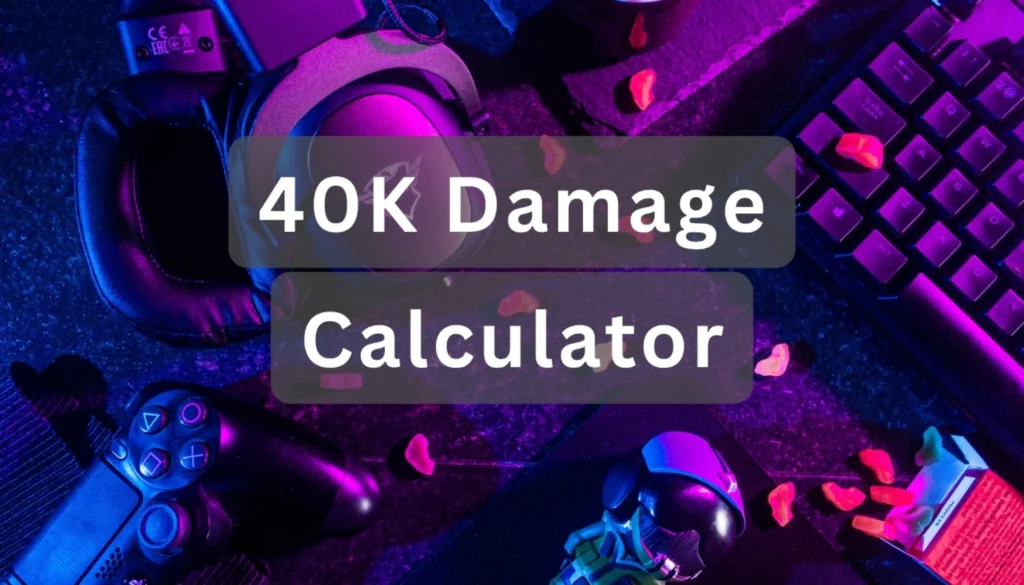 40K Damage Calculator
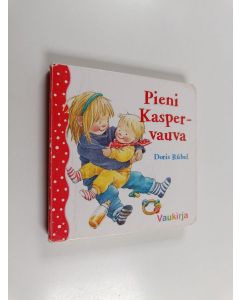 Kirjailijan Doris Rübel käytetty kirja Pieni Kasper-vauva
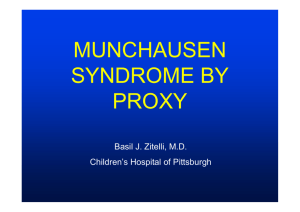 MUNCHAUSEN SYNDROME BY SYNDROME BY PROXY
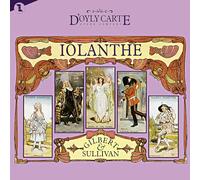 Original Cast (New D'Oyly Carte Opera) Complete Recording - Gilbert & Sullivan: Iolanthe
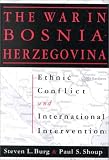 The War in Bosnia-Herzegovina : Ethnic Conflict and International Intervention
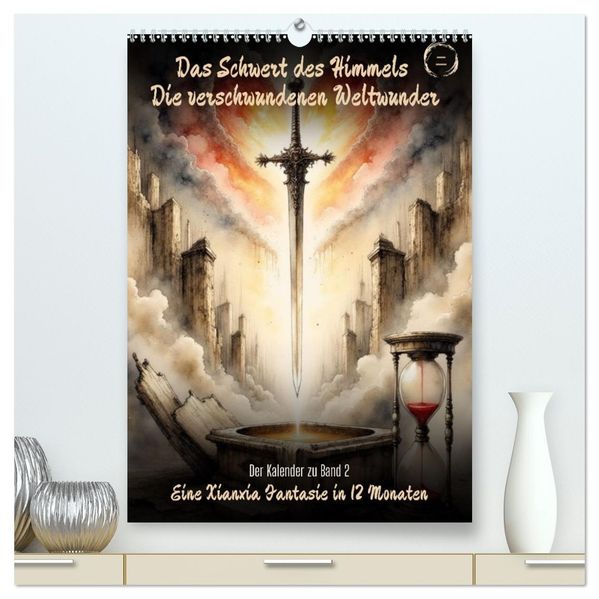 Das Schwert des Himmels: Die verschwundenen Weltenwunder (hochwertiger Premium Wandkalender 2027 DIN A2 hoch) Kunstdruck in Hochglanz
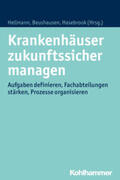Hellmann / Beushausen / Hasebrook |  Krankenhäuser zukunftssicher managen | eBook | Sack Fachmedien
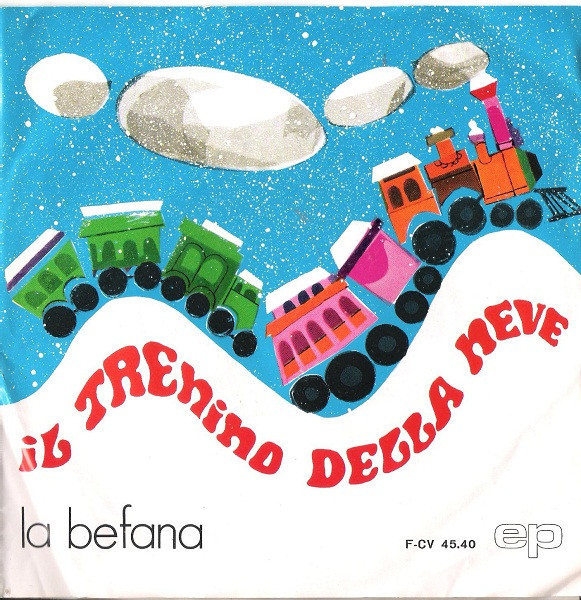 Dario Mateicich / Liliana Sorrentino - Il Trenino Della Neve / La Befana | Edizioni Paoline (F-CV 45.40)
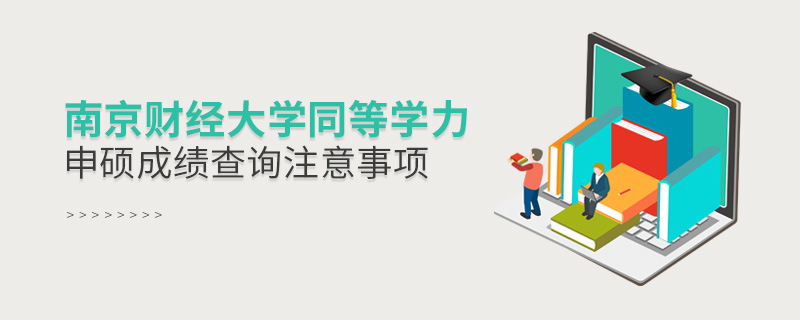 南京財經大學同等學力申碩成績查詢注意事項 南京財經大學同等學力申碩成績查詢注意事項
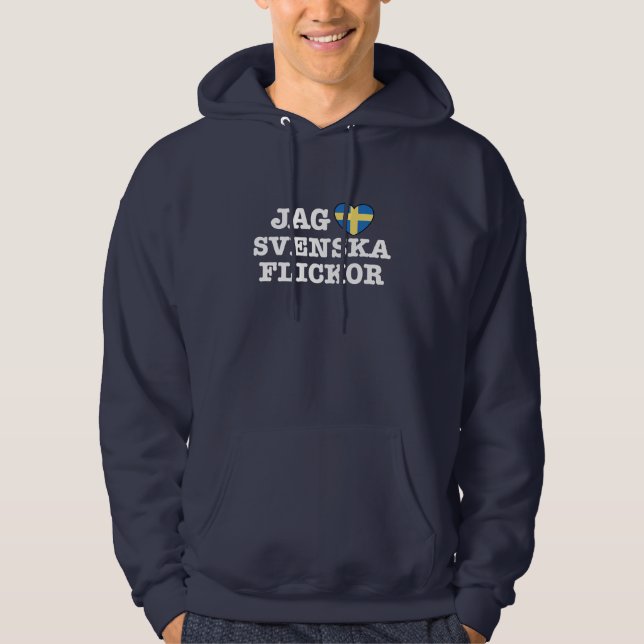 Jag Svenska Flickor Hoodie (Vorderseite)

§ **Required action**
All records are to be reproduced exactly; the pictures are to be omitted.

§ **Solution for this problem**
 40K Damage Calculator
 Kirjailijan Doris Rübel käytetty kirja Pieni Kasper-vauva
 MUNCHAUSEN SYNDROME BY SYNDROME BY PROXY
 Original Cast (New D'Oyly Carte Opera) Complete Recording - Gilbert & Sullivan: Iolanthe
 The War in Bosnia-Herzegovina : Ethnic Conflict and International Intervention
 Das Schwert des Himmels: Die verschwundenen Weltenwunder (hochwertiger Premium Wandkalender 2027 DIN A2 hoch) Kunstdruck in Hochglanz
Hellmann / Beushausen / Hasebrook |  Krankenhäuser zukunftssicher managen | eBook | Sack Fachmedien
 Dario Mateicich / Liliana Sorrentino - Il Trenino Della Neve / La Befana | Edizioni Paoline (F-CV 45.40)
 南京財經大學同等學力申碩成績查詢注意事項 南京財經大學同等學力申碩成績查詢注意事項
 Jag Svenska Flickor Hoodie (Vorderseite)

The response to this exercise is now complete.